By Gabriela Baczynska
KYIV (Reuters) – A Ukrainian film director who was jailed by Russia after opposing Moscow’s 2014 annexation of Crimea said on Wednesday Russian President Vladimir Putin will wreak chaos and destabilisation further west if Ukraine falls.
Russia arrested Oleg Sentsov in Crimea, his native Black Sea peninsula, and sentenced him to 20 years in a maximum security prison over terrorist charges he says amounted to a political vendetta.
The West demanded his release and Sentsov returned to Ukraine after a 2019 prisoner swap, one of few such exchanges in years of stand-off between the former Soviet republic and its ex-overlord Moscow.
“Sowing chaos and destabilisation is Putin’s main strategy. He wants to make Ukraine a fallen state,” Sentsov told Reuters in the Ukrainian capital Kyiv. “If Ukraine falls, all this will simply move further to the west.”

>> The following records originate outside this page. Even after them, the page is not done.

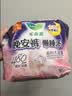 乐而雅花王懒睡派晚安裤L码组合20片安睡裤裤型卫生巾姨妈巾京东自营 实拍图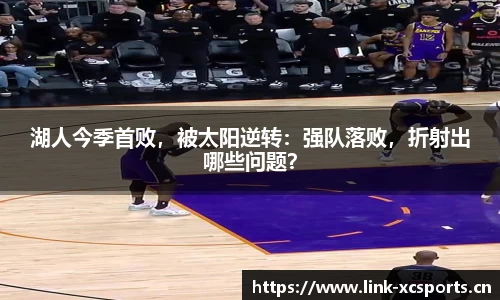 湖人今季首败，被太阳逆转：强队落败，折射出哪些问题？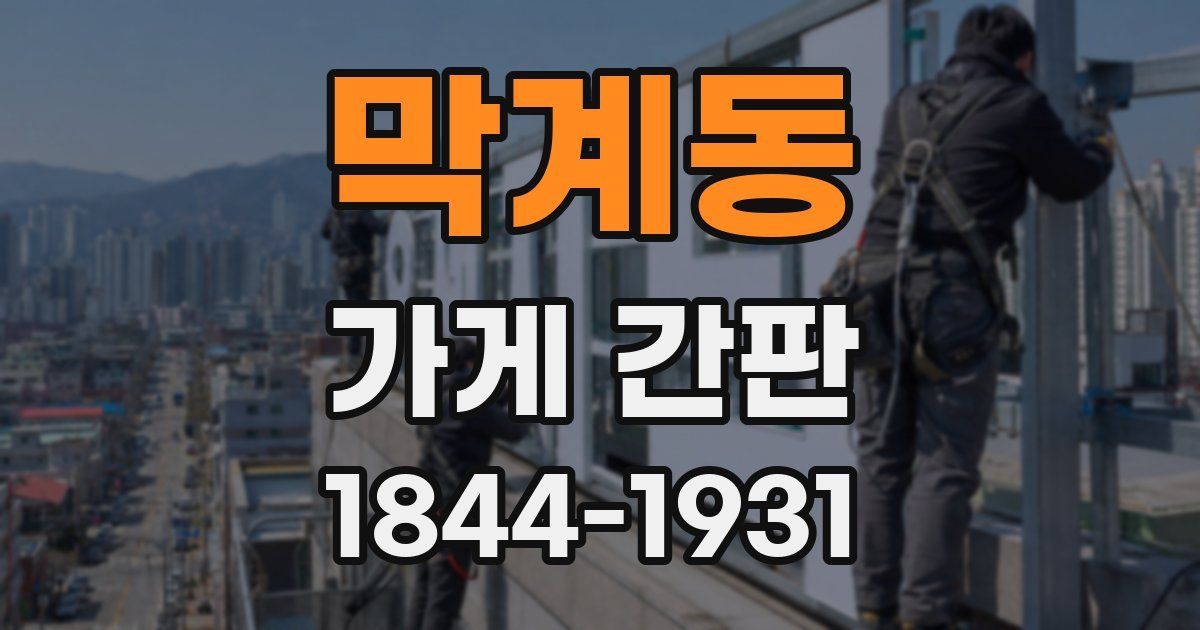 막계동 가게 간판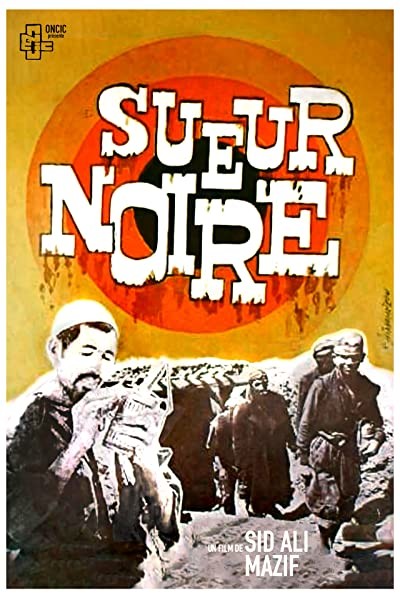 Black Sweat (1971) afişi Black Sweat (1971) afişi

The Kremlin also backs pro-Russian separatist rebels fighting government troops in Ukraine’s eastern industrial region of Donbas, a conflict that killed some 15,000 people since 2015 and remains unresolved.
Russia has now alarmed the West with a military buildup of more than 100,000 troops near Ukraine’s borders while presenting an array of security demands including that Kyiv never join NATO, the Western military alliance.
Sentsov called for unequivocal Western support of Ukraine.
“This is one and the same war: Crimea, Donbas, the new escalation, the hybrid war that Russia is waging. Not only against Ukraine but more broadly against its neighbours – Poland, the Baltic states, Moldova, Georgia, Kazakhstan.”
Despite international tensions flying high, there is little sign of panic in Ukraine’s capital Kyiv.
“People are used to it. They stopped fearing. It’s not that they are indifferent. But they are calm. Preparing for what’s to come,” said Sentsov, adding he would go fight if Russia invaded.
He praised increased U.S. and British arms deliveries to Ukraine and condemned Germany’s refusal to do the same, or to scrap the Nord Stream 2 gas pipeline that would take gas straight from Russia to Germany, bypassing Ukraine.
“Putin’s ambition is to be a global leader who stands at the helm of big parts of eastern Europe and Asia,” said the 45-year-old. “Blandishing him, throwing money at him helps him carry on.”
Sentsov, who served four years in prison in the Russian Arctic, also called for the release of other Ukrainians held in Russia. Kyiv says they number more than 120 people.
Sentsov released his latest film last year. “Rhino” is set in the 1990s shortly after the break-up of the Soviet Union, a period known for the rise of crime, lawlessness and oligarchs.
He is now working on a heart-warming story set in a small American town – a script he wrote while in jail where he said harsh conditions meant he was looking for “brightness”.
But it is too soon, he said, for a film looking at Ukraine’s most recent past, from the 2013-14 “Maidan” uprising that toppled a Russian-backed president, the annexation of Crimea and the conflict in Donbas.
“The war continues. What Maidan stood for and what people died for, we have not yet achieved. We may now have a new Russian invasion. It’s all on fire still,” said Sentsov.